Kota-Langsa tipikorinvestigasinews.id 28/9/2025 Terkait masalah Penghentian mobil berplat BL oleh Gubenur Sumatra Utara Bobby Nasution, ketua Dewan Pimpinan Wilayah Suara Independen Jurnalis Indonesia (DPW SIJI) Aceh, Muhammad.Ali C,JB merasa berang atas tindakan Gubsu yang di sinyalir anti Aceh. Ahad 28 September 2025.
Tn Ali (nama sebutan untuk ketua DPW SIJI Aceh) menyatakan bahwa dirinya sangat kecewa dengan tindakan Bobby yang menyuruh mobil yang berplat BL supaya di ganti dengan plat BK.
Tindakan ini telah menyakiti hati masyarakat Aceh khususnya yang mempunyai kendaraan yang rata-rata berplat BL karna kendaraan plat BL milik Aceh dan pajaknya di bayar di Aceh tetapi berlakunya tetap Nasional, karna STNK yang di keluarkan oleh Samsat Polda Aceh adalah Nasional, jadi bisa jalan ke seluruh Indonesia.
Apakah si Bobby itu anti Aceh atau sengaja mencari gara-gara dengan orang Aceh?
Setelah beberapa bulan yang lalu mencoba merampas empat pulau milik Aceh, sekarang mempermasalahkan plat kendaraan milik orang Aceh yang beroprasi di Sumut.
Mungkin tahun depan Bobby ingin warga Aceh yang datang ke Sumut harus menggunakan paspor?
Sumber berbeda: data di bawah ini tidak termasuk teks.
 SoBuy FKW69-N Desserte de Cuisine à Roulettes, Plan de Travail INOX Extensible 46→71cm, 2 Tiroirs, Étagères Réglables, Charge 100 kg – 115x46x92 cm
Canda ketua Siji Aceh tersebut.
Jangan memancing di air keruh pak Bobby, papar Tn Ali dengan nada kesal. Kalau mau mancing ayok kita ke laut, kami siap melayani anda, cetus ketua Siji Aceh tersebut dengan senyum pesimisnya.
Tn Ali meminta kepada Presiden Prabowo Subianto untuk memberi peringatan keras terhadap Gubsu, Bobby Nasution agar dapat menjaga keharmonisan antar wilayah, supaya tidak ada gesekan yang lebih tajam antara warga Sumut dan Aceh.
Berbagai kecaman dan protes bermunculan setelah beredar berita Gubenur Sumut menyuruh menggati plat kedaraan milik orang Aceh dari BL ke BK. Gelombang protes tersebut sapai ke Anggota DPR RI asal Aceh M.Nasir Djamil dari PKS, Jamaluddin Idham Anggota DPR RI dari Fraksi PDIP dan anggota DPD asal Aceh H.Sudirman S.Sos (Haji Uma)
Nasir Djamil meminta agar kebijakan Gubsu tersebut segera di cabut. Apa bila tidak di cabut maka anggota DPR RI tersebut meminta agar Bobby di tangkap, karna kebijakanya di nilai diskriminatif terhadap penggunajalan Negara.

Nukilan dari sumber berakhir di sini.